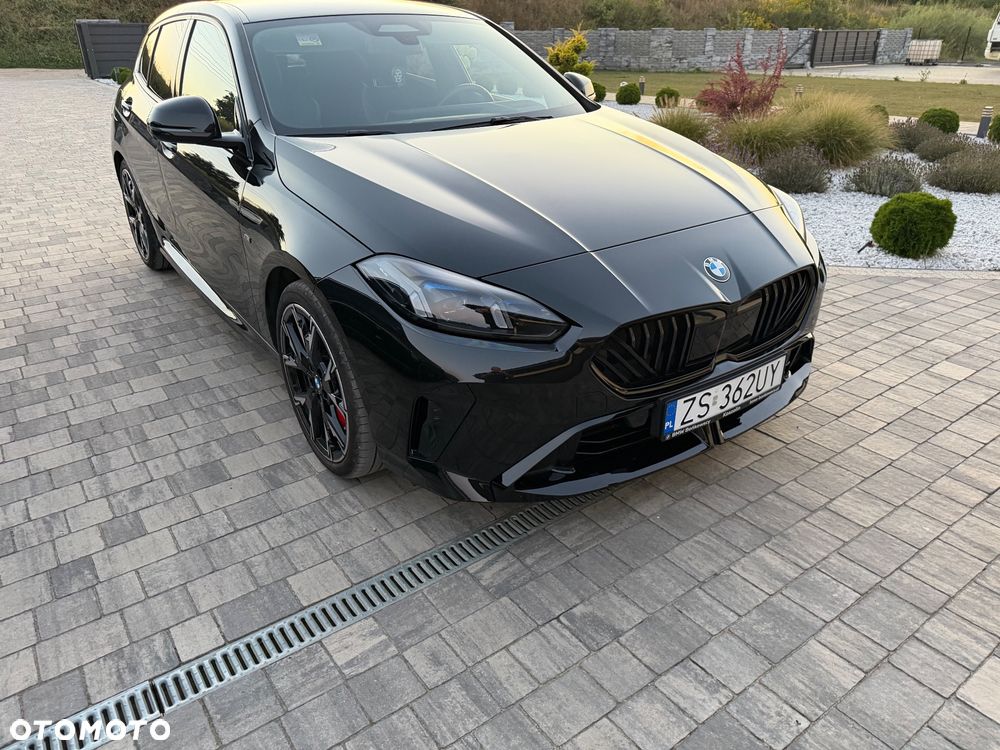 BMW Seria 1 - 3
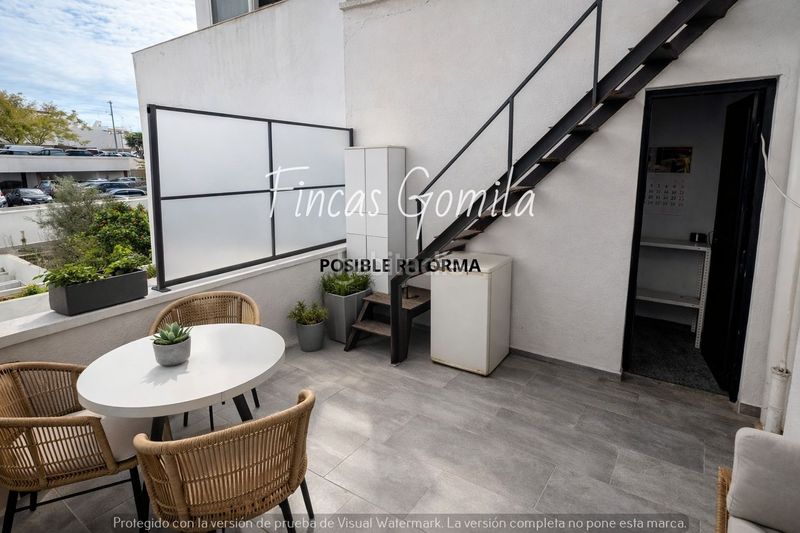 Foto fc033598-0444-4833-ae54-a90e10a008db. Pis a Alaior poble Alaior
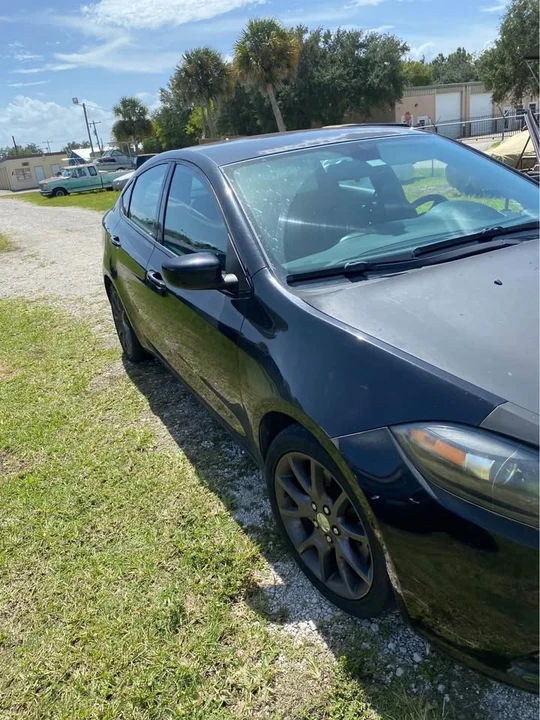 2016 Dodge Dart PF - Image 2 of 4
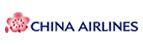 CI airline logo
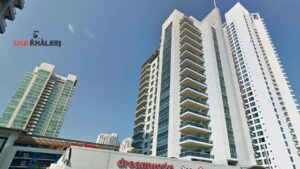 Cascades Tower: Design, Features & Its Role in Shaping the Skyline Cascades Tower Design, Features & Its Role in Shaping the Skyline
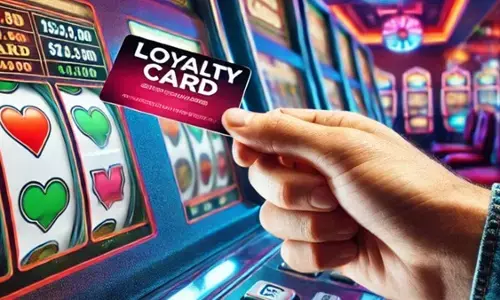 Digital Loyalty Points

- **Assignment**
Print each line from the one containing "Foto fc033598-0444-4833-ae54-a90e10a008db. Pis" through the last line of the listing, both included, exactly and with no pictures.

- **Task output**
 Foto fc033598-0444-4833-ae54-a90e10a008db. Pis a Alaior poble Alaior
 2016 Dodge Dart PF - Image 2 of 4
 CI airline logo
 Cascades Tower: Design, Features & Its Role in Shaping the Skyline Cascades Tower Design, Features & Its Role in Shaping the Skyline
 Digital Loyalty Points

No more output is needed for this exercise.